What isn’t covered by GAP insurance?
As with all insurance policies, there are a few stipulations to GAP insurance.
- If you’ve modified your car, the GAP insurance won’t cover the cost of these upgrades.
- GAP insurance won’t cover you if you have third party insurance, so you’ll need fully comprehensive cover.
- You can only claim if your insurance company deems your car a complete write-off.
- If your insurer deducts money from your payout for things like a missed payment, this won’t be covered by the GAP insurance.
Should you get GAP insurance?
If you’ve used a large loan to buy your car, then you may want to consider GAP insurance. If your car is written off or stolen, you don’t want to be left owing money for a car you no longer have.
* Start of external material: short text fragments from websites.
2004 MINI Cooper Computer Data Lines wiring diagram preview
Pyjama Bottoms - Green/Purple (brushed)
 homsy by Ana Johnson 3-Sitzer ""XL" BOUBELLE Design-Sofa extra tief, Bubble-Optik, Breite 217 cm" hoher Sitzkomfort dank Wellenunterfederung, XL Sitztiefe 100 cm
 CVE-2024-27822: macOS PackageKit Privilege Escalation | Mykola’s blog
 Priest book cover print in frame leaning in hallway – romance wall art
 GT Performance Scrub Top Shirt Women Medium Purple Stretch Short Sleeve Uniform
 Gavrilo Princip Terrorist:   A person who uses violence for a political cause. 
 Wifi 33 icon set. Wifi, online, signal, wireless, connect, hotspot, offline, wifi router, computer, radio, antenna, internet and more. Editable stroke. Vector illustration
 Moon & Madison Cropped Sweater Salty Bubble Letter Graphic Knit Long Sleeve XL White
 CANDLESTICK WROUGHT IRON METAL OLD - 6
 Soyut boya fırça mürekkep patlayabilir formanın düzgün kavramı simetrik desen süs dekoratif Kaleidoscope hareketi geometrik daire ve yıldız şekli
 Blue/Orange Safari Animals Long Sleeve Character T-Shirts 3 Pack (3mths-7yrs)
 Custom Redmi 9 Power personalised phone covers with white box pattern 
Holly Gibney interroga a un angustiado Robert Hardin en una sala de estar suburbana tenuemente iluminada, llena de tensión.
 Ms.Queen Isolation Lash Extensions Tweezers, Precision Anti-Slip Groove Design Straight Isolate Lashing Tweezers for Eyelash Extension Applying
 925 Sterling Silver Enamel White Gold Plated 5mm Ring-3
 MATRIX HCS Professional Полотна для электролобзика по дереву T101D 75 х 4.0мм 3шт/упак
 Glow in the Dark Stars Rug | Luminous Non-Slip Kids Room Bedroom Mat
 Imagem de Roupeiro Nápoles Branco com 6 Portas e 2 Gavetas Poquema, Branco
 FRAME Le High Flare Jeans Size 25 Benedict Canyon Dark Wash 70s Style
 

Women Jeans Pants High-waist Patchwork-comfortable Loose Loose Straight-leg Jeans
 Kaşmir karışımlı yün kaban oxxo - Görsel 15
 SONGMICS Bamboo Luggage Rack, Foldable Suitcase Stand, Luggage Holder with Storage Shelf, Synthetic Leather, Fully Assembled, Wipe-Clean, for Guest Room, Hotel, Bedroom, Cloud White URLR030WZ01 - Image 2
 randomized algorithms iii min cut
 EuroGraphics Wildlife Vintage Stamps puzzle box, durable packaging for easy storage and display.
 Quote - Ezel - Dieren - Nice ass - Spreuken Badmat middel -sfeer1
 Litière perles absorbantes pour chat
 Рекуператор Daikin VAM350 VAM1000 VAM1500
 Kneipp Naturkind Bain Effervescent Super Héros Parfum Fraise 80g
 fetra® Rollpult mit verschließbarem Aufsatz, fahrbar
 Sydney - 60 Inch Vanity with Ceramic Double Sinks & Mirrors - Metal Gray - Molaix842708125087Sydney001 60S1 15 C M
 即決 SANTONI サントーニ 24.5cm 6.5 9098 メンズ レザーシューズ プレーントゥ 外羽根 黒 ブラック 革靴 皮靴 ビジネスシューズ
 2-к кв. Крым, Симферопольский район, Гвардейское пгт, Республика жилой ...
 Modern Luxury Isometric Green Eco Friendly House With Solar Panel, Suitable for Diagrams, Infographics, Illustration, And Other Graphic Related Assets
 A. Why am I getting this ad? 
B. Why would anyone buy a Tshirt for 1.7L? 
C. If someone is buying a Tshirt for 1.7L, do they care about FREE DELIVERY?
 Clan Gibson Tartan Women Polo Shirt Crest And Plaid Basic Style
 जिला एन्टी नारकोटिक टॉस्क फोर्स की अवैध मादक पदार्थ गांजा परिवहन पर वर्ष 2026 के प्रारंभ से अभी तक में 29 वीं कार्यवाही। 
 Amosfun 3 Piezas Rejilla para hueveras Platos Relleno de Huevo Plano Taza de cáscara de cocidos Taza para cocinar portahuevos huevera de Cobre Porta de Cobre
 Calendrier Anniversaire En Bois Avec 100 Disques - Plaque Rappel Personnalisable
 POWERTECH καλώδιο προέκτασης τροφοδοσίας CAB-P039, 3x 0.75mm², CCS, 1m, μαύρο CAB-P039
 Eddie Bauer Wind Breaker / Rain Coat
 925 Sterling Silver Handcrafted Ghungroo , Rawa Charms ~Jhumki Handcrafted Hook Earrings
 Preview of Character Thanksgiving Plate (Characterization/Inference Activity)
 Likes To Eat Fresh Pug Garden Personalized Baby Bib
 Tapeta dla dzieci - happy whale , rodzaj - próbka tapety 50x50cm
GAP insurance can lessen this risk when you buy your car.
If your car is on long term lease, you can be left with a lot of outstanding debt in the event your car is written off. In this case, GAP insurance can help pay that bill.
GAP insurance can also bring peace of mind to anyone who’s concerned by depreciation. If you have a model that depreciates quickly, this can become an issue if the car is written off as the payout will be a lot less than you paid for it.
Where can you buy GAP insurance?
Most people buy GAP insurance from the dealer when they buy their car. The salesperson will usually offer the cover and explain what it is, how much it will cost and what level of cover you’ll get. GAP insurance is not a legal requirement, so you are in no way obliged to buy it when the dealer offers it to you.
Dealer are also not allowed to sell you the GAP insurance on the same day you buy your car, because there has to be a two day cooling-off period by law. This gives you time to think about it and see if you can get it cheaper elsewhere.
You may be able to find a cheaper deal on GAP insurance by looking on price comparison sites or through independent brokers after you’ve bought your car.
How much is GAP insurance?
GAP insurance is usually paid on one lump sum at the start of the policy and can vary from £50 to £150 per year depending on a multitude of factors.
When shopping for GAP insurance, make sure to check the excess. This is the amount you pay out before the policy gives you any money. The higher the excess, the less the policy should cost you, but it will also pay out less in the event of a claim.
The length of the policy can also have an effect on the price. Most GAP insurance policies are three years long but it’s worth checking with your provider.
Can I get GAP insurance on a used car?
Yes, you can, but it’s less valuable when buying second hand. This is because cars take the biggest hit in depreciation when they’re new so you stand to lose more money if your car is written off than you would with a used car.
Can I get GAP insurance after I’ve bought a car?
This depends on the provider you choose, but in most cases, you won’t be able to buy GAP insurance on a car that is over three years old.
How do I claim on GAP insurance?
Once your insurance provider has offered you a settlement for your car, you can then contact your GAP insurance to get the ball rolling.
Check your GAP insurance terms and conditions first to see what paperwork you’ll need and what your excess is.
It’s also best to speak to your GAP insurance provider before accepting a settlement from your insurance company.
I’ve decided I no longer want GAP insurance, can I cancel my policy early?
Yes, you can. If you decide to cancel in the first 30 days, you should be entitled to a full refund minus any cancellation fees. Beyond that, you will be refunded a proportion of the original policy depending on how long it’s been running.